Acúmulo de poderes e transparência eleitoral

Por Amilcar Brunazo Filho

Nossas urnas-e são bem vistas no Brasil, já foram usadas no Paraguai e testadas na Argentina, mas nenhum país desenvolvido as adota e nos EUA estão sendo proibidas.

Uma explicação plausível para este conflito de imagens e avaliações é a incrível acumulação de poderes eleitorais do nosso Tribunal Superior Eleitoral (TSE) que, levado ao extremo, acaba por provocar um mascaramento da realidade da informatização do processo eleitoral entre nós.

A criação do TSE em 1932 visava democratizar as eleições brasileiras marcando o fim da época conhecida como a do Voto à Bico de Pena e da Política Café-com-Leite.

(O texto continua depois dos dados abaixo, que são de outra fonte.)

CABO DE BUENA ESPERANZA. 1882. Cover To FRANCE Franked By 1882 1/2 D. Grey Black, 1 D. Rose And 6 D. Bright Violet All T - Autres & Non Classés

Vários conceitos que são essenciais numa democracia moderna, como o voto universal, a inviolabilidade do voto e a transparência do processo, foram aperfeiçoados com o advento do TSE.

O problema clássico na distribuição dos poderes no processo eleitoral é a quem atribuir as funções de administração, de regulamentação, de fiscalização e de julgamento do contencioso. As soluções adotadas pelos diversos países são variadas.

É comum se deixar a operação das eleições com o próprio Poder Executivo nacional (como Finlândia e Argentina) ou municipal (como EUA, França e Alemanha), mas em alguns países (como Chile e Uruguai) a administração das eleições fica a cargo de órgãos autônomos não integrantes de nenhum dos Poderes tradicionais.

Já o Poder Judiciário nas eleições tanto pode ficar a cargo da Justiça Comum (como EUA e Itália) como ser responsabilidade de cortes especializadas.

Também a regulamentação e a fiscalização do processo eleitoral são exercidas de formas bastante variadas. Por vezes pelo Legislativo, outras vezes por instâncias diferentes do executivo. Por exemplo, em muitos Estados americanos a administração das eleições é municipal e a regulamentação e a sua fiscalização é de responsabilidade de órgão estadual, normalmente a Secretaria de Estado.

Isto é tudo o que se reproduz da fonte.